- **Work request**: Below this line is the material. Write out only its lines from the one containing "In this problem, you" through the one containing "View your certifications, see", both kept, exactly.

- **Material provided**:
============================================================
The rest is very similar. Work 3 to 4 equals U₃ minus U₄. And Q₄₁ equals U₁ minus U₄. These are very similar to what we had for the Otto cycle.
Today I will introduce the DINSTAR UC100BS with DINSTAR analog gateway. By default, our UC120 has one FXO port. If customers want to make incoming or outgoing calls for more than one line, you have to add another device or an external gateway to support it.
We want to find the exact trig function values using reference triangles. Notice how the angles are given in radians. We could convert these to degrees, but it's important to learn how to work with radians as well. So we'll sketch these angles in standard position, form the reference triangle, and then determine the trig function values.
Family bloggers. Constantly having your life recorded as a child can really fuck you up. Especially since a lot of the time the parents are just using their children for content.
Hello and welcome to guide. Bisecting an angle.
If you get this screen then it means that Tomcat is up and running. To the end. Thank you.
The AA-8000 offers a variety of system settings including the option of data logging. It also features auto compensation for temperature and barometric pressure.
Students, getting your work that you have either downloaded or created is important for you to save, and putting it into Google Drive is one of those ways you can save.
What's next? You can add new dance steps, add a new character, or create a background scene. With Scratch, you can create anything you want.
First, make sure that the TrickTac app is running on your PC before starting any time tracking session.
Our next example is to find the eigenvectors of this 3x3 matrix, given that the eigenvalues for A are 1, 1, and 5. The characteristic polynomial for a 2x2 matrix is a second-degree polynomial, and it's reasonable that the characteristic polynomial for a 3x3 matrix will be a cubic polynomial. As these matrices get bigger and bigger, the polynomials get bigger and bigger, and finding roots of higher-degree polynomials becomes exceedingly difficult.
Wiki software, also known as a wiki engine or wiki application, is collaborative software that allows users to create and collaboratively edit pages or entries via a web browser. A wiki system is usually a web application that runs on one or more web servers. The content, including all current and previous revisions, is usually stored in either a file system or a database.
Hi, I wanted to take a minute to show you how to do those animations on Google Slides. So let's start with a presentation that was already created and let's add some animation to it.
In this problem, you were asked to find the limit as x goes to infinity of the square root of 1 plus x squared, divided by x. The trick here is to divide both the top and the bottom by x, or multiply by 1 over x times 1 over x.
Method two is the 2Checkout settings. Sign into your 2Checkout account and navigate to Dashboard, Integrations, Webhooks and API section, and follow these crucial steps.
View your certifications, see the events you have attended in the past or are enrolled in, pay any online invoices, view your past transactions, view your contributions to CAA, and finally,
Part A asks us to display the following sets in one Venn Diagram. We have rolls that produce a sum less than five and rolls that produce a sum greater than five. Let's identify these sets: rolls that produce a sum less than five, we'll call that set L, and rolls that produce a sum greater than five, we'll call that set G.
============================================================
- **Response for this exercise**:
In this problem, you were asked to find the limit as x goes to infinity of the square root of 1 plus x squared, divided by x. The trick here is to divide both the top and the bottom by x, or multiply by 1 over x times 1 over x.
Method two is the 2Checkout settings. Sign into your 2Checkout account and navigate to Dashboard, Integrations, Webhooks and API section, and follow these crucial steps.
View your certifications, see the events you have attended in the past or are enrolled in, pay any online invoices, view your past transactions, view your contributions to CAA, and finally,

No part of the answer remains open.